Perhaps I am not giving great enough gravity to the harm that is caused by drugs. They kill. But so can nutrition, training and competition. To take two extreme examples, sumo wrestlers, by the nature of the nutritional regime required for participation, face drastically shortened life expectancies. Boxers, due to the goal of the sport itself, face a future plagued by brain damage. Less drastically, many athletes face a retirement dogged by arthritis and other muscular and skeletal problems. We could adopt a system by which training was limited and short-term nutritional programmes restricted, to ensure that the participants in the Olympics could minimise their risk of, for example, long-term joint damage. A training and nutrition covenant perhaps, a reminder of the amateur ethos without the class-prejudice this carries.

But there is another problem, and that is the consumer of professional sport – the audience. Would we want to see athletes breaking world records thanks to drugs? Allison argues that the evidence from America suggests that we wouldn’t care.
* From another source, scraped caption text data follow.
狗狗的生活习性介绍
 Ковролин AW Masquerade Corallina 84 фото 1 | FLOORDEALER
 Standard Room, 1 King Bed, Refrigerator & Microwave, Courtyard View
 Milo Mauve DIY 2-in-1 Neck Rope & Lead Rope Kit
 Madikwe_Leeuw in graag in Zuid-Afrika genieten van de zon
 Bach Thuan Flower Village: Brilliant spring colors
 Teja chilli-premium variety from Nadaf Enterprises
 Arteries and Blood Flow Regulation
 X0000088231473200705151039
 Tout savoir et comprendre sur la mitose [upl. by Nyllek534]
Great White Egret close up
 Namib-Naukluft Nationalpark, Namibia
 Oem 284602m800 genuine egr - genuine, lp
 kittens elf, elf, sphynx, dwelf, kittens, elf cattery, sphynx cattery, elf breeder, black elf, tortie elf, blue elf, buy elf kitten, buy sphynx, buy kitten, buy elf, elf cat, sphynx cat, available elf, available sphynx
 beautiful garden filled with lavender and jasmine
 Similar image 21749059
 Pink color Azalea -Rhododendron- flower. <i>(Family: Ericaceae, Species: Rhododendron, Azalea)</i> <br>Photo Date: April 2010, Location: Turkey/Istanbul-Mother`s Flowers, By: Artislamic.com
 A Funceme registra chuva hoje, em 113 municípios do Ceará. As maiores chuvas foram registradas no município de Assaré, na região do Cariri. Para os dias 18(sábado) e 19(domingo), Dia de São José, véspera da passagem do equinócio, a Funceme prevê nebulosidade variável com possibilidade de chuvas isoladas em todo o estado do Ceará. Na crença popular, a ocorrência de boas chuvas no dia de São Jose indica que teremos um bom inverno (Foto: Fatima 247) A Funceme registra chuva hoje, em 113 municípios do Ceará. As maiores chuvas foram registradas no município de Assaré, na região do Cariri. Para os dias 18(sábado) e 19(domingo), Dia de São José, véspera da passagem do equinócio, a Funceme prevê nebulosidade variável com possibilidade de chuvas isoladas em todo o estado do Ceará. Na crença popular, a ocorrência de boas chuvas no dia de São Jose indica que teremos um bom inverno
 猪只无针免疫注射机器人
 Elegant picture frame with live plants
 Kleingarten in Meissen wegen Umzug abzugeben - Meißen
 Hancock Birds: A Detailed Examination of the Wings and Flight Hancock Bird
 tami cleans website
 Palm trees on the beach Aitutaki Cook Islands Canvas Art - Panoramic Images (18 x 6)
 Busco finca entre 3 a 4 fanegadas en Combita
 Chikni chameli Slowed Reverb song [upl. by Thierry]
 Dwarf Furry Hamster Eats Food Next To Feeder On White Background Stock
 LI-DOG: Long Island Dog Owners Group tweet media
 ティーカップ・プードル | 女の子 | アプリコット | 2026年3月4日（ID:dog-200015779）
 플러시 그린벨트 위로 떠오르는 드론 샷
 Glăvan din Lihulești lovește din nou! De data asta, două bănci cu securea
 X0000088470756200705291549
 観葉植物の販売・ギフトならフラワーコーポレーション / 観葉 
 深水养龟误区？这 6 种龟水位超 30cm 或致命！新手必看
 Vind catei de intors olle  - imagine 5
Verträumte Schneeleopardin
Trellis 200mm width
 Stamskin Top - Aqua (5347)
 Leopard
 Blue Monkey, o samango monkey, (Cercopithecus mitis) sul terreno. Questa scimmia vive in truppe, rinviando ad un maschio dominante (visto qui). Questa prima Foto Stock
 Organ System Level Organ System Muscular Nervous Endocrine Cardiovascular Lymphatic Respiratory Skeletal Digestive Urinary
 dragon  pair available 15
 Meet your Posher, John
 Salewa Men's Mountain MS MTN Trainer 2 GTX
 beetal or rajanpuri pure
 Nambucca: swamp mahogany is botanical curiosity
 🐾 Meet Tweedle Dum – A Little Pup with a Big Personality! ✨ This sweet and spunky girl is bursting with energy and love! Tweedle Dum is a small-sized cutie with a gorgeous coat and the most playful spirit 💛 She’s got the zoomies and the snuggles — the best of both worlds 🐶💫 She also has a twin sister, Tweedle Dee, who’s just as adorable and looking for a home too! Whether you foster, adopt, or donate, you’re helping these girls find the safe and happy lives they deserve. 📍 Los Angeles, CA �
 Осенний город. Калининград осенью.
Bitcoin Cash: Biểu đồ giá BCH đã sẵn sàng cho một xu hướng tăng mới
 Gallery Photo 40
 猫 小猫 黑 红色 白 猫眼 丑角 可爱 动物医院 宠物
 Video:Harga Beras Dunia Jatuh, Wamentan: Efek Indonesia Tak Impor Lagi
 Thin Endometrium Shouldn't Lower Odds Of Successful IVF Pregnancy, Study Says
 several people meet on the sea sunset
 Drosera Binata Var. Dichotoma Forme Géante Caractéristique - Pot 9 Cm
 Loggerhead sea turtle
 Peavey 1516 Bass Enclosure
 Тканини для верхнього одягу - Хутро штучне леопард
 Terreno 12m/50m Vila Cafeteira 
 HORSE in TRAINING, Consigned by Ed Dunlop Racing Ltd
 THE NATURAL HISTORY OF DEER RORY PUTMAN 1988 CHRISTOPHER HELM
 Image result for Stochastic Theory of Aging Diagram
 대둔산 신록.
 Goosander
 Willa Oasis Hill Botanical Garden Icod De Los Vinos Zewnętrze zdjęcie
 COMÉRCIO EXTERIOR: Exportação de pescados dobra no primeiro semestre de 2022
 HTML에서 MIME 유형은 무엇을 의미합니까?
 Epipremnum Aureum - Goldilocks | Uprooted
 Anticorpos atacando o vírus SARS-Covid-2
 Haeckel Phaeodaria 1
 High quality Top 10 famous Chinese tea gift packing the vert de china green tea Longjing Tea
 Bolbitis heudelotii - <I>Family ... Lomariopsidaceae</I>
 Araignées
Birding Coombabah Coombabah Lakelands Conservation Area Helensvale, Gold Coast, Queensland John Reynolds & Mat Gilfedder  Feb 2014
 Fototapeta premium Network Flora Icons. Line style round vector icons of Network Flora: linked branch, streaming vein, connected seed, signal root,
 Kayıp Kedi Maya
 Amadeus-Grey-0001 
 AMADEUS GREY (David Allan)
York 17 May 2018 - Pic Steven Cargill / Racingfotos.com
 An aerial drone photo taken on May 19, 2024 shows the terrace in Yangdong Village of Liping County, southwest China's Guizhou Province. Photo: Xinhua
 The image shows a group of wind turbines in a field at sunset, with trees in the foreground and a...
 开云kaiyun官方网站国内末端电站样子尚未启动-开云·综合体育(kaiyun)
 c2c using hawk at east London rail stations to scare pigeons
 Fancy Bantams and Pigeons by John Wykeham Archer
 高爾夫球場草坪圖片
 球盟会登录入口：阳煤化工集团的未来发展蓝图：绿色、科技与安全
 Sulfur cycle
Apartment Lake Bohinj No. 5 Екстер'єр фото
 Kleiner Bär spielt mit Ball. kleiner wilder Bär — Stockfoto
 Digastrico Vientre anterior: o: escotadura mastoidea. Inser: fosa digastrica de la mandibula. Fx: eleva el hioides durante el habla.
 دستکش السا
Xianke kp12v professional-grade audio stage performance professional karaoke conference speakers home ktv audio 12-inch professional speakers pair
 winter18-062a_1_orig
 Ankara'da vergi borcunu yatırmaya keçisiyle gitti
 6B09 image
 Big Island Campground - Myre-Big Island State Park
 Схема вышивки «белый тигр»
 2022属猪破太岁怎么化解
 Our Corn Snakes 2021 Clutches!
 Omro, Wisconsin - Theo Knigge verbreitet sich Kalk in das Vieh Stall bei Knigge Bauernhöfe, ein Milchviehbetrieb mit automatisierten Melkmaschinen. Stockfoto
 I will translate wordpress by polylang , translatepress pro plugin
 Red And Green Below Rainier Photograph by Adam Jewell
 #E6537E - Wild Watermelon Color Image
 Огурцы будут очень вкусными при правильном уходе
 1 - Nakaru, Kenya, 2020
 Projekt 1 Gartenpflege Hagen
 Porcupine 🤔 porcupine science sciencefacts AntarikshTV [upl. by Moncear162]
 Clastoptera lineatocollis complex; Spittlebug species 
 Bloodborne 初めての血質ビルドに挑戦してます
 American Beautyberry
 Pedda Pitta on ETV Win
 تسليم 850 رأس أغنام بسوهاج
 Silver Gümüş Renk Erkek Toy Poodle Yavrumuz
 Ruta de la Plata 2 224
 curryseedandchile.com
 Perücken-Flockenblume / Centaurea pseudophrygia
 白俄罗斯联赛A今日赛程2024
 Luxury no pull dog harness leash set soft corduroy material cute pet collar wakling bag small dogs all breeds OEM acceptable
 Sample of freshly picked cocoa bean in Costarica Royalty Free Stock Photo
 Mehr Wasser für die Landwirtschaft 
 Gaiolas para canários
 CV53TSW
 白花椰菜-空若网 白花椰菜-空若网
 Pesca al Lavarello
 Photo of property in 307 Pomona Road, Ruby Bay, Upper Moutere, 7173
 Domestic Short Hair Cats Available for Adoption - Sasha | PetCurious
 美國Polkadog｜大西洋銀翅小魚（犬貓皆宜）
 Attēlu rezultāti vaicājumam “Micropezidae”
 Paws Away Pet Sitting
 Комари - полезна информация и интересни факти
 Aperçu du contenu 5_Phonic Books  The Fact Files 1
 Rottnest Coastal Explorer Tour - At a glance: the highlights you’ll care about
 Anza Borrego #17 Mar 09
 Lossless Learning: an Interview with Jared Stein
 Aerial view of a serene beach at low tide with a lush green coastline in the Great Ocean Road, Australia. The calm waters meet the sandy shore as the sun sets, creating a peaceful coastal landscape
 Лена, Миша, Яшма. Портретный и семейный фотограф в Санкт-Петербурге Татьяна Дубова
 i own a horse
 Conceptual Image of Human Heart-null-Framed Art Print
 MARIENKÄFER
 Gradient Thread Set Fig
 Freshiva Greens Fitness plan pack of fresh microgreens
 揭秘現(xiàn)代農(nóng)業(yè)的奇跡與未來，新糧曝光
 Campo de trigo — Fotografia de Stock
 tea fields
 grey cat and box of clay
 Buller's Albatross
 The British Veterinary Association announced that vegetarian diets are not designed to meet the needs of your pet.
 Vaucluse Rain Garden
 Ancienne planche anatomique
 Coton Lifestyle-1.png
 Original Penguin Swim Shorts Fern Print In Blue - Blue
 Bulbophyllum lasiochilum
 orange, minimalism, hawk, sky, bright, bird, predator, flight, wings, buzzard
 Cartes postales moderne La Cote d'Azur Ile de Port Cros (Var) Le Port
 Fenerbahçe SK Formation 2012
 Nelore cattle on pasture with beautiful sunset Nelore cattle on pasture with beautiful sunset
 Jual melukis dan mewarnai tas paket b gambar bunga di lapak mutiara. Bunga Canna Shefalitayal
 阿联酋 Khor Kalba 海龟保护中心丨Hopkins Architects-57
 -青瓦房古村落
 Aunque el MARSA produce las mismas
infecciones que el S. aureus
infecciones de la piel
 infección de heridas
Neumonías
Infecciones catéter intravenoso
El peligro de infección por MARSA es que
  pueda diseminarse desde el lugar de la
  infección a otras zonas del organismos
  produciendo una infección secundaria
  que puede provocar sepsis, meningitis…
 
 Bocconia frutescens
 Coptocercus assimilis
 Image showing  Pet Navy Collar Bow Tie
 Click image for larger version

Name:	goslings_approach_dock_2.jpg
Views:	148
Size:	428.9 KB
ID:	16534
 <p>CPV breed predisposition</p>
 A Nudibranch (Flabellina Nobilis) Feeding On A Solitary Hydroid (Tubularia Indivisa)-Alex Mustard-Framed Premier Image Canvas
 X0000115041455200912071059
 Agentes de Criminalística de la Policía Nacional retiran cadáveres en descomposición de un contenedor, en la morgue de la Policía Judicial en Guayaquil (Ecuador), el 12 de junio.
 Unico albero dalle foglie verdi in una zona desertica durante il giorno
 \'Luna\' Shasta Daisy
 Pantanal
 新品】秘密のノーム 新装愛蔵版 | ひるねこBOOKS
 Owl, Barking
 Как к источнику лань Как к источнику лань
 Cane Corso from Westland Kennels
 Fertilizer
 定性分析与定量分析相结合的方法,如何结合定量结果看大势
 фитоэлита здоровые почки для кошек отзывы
A second article from the Guardian suggests that performance at this year’s Olympics will be poorer than in previous years, and that this decline in standards will be due to effective anti-doping measures. But sport is an entertainment business; so we are told when those who hold the purse-strings depart from the ‘ethos of sport’, often by opposing any levelling of he playing field, any attempt to combat ‘unfairness’.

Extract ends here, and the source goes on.